The price of robots is decreasing rapidly and robots that can act autonomously without human intervention are helping in fields such as medicine, search and rescue, and agriculture. Many drones can fly autonomously and Amazon has stated its intent to use them for package delivery.

Robot Advantages

Robots don’t require health insurance, lunch breaks, or vacations. They can work 24/7 and don’t call in sick. They don’t require training. This is particularly useful during the holiday season when ecommerce merchants typically hire additional warehouse workers. Robots can reduce logistics costs substantially with minimal human intervention.

Robots don’t require health insurance, lunch breaks, or vacations. They can work 24/7 and don’t call in sick. They don’t require training.

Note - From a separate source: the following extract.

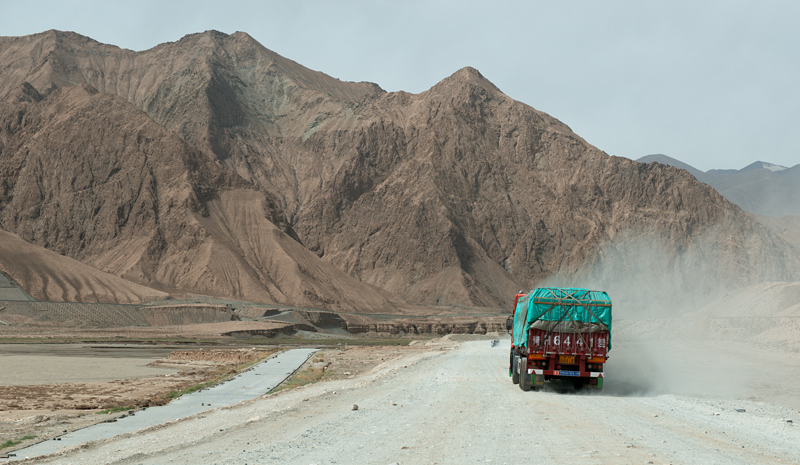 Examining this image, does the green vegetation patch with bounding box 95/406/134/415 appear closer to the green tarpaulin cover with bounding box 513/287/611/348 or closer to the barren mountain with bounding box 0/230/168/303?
the green tarpaulin cover with bounding box 513/287/611/348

Ecommerce companies are under pressure to reduce fulfillment costs and send orders to customers more quickly. Any merchant that ships in substantial volume and wants to stay competitive will likely have to use robots. Third-party logistics providers are also converting to automation. The courier firm DTDC in India, for example, uses a 25-arm robot to pick orders at a rate of 3,500 orders per hour, about one per second.

The average cost of a Fetch warehouse robot is $35,000 and that price is certain to come down as more are sold. In five years a robot will be less expensive than a human employee with benefits, especially if the effort to implement a $15 minimum wage succeeds. Within the next five years, robots will likely replace humans who are performing simple, repetitive tasks in many industries.